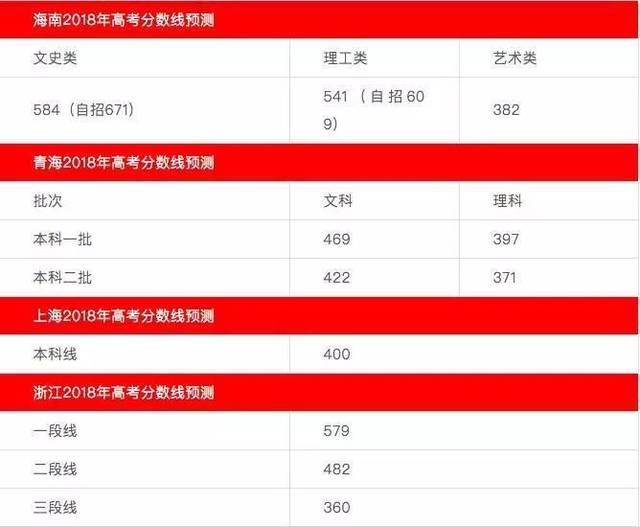 广东文538理503?2018年全国高考分数线预测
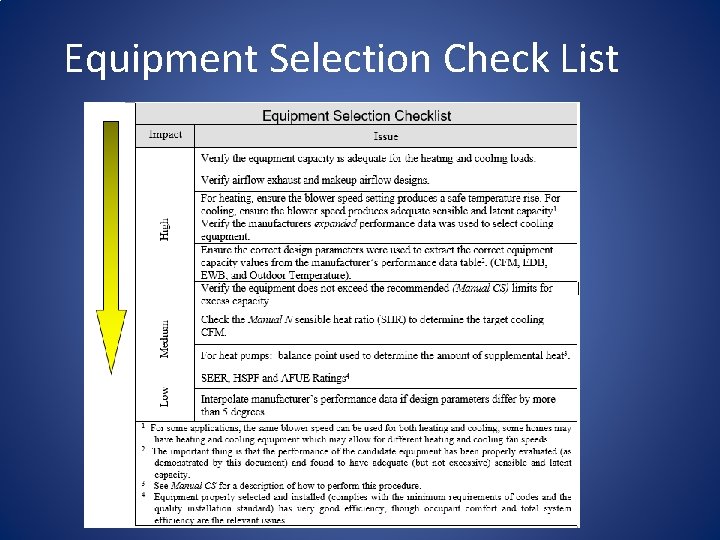 Equipment Selection Check List 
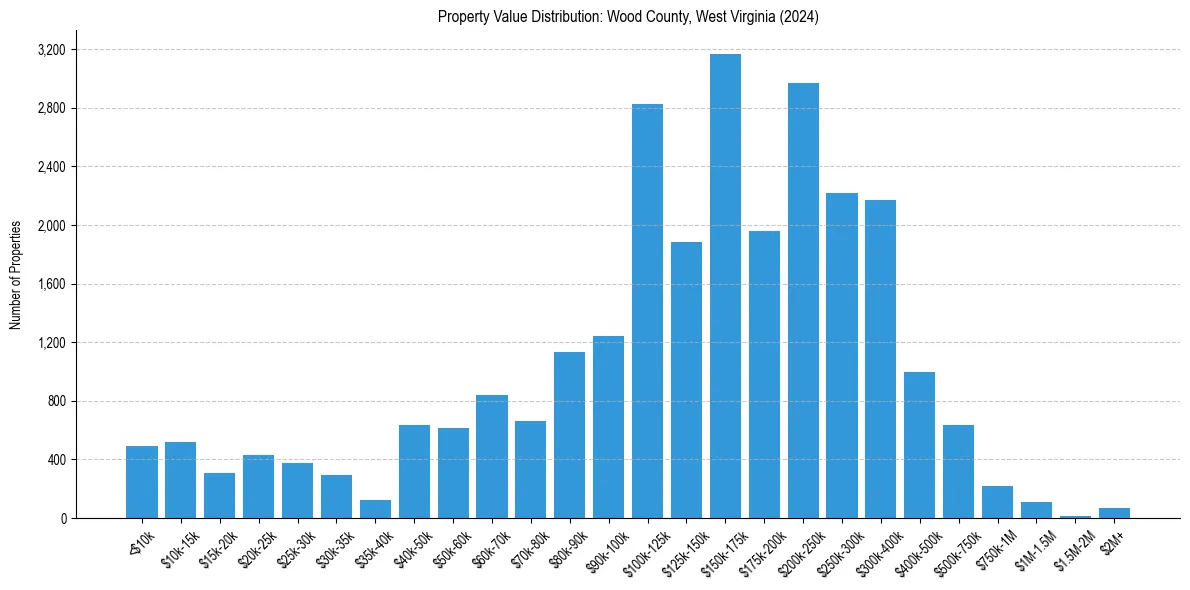 Value Distribution for 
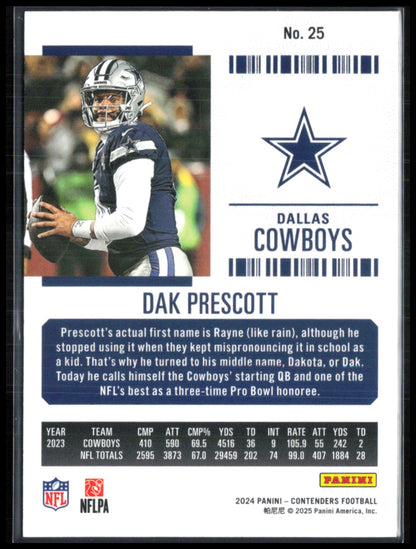 Dak Prescott Game Ticket /499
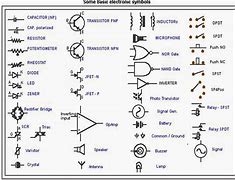 Image result for Wiring Used in Cheap Electronics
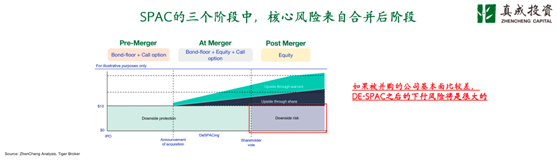 老虎证券七周年丨真成投资李剑威：未来有更多有增长潜力的科技企业通过SPAC上市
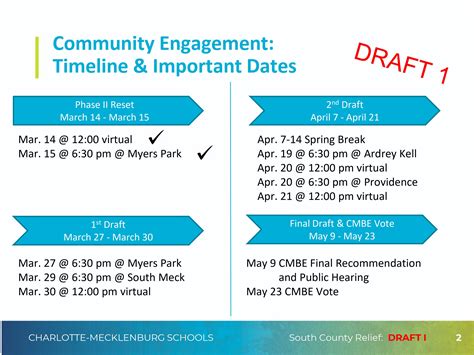Charlotte Schools CMS Boundary Changes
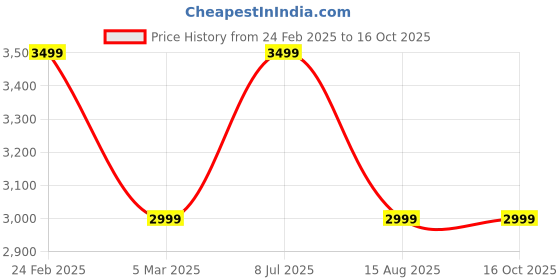 tatacliq.com Tommy Hilfiger Blue Regular Fit Sweatshirt tommy hilfiger Price History Graph from 24 Feb 2025 to 15 Oct 2025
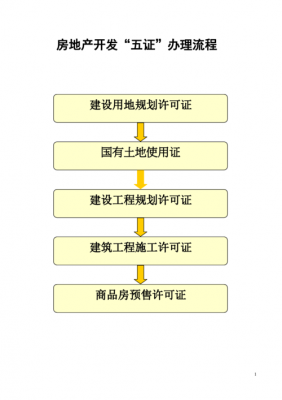 房地产企业资质认证流程（房地产资质办理流程）-图2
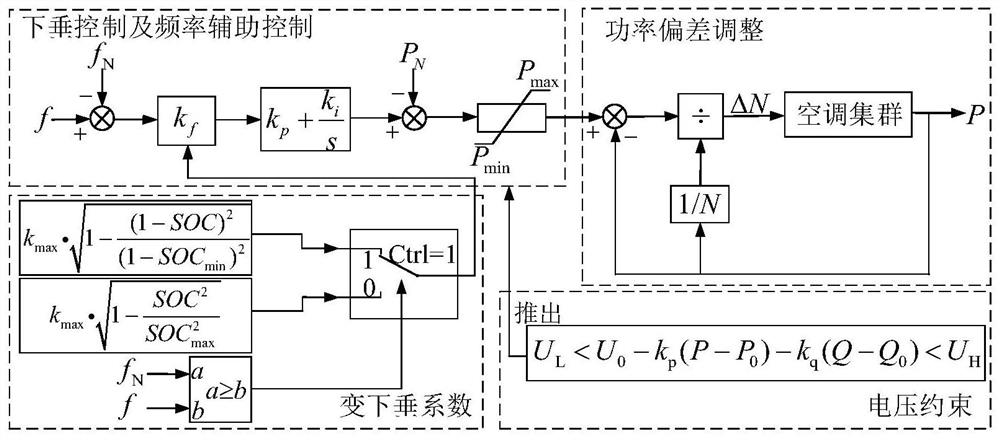 A temperature-controlled load cluster control method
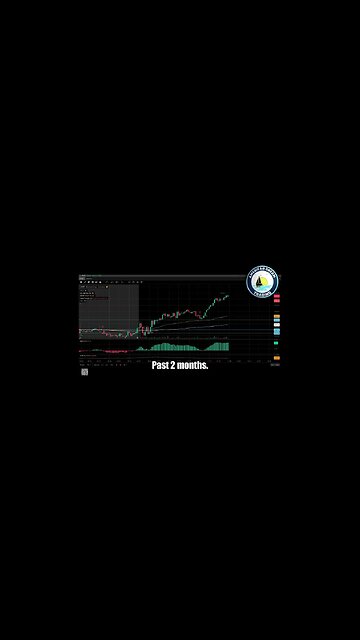 Day Trading Made Easy- VIP Member's Incredible Success With +4% Account Profit In The Stock Market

# Try it:
Return all the records exactly. Skip the pictures.

# Answer to this task:
 广东文538理503?2018年全国高考分数线预测
 Equipment Selection Check List 
 Value Distribution for 
 Dak Prescott Game Ticket /499
 Image result for Wiring Used in Cheap Electronics
 老虎证券七周年丨真成投资李剑威：未来有更多有增长潜力的科技企业通过SPAC上市
Charlotte Schools CMS Boundary Changes
 tatacliq.com Tommy Hilfiger Blue Regular Fit Sweatshirt tommy hilfiger Price History Graph from 24 Feb 2025 to 15 Oct 2025
 房地产企业资质认证流程（房地产资质办理流程）-图2
 A temperature-controlled load cluster control method
 Day Trading Made Easy- VIP Member's Incredible Success With +4% Account Profit In The Stock Market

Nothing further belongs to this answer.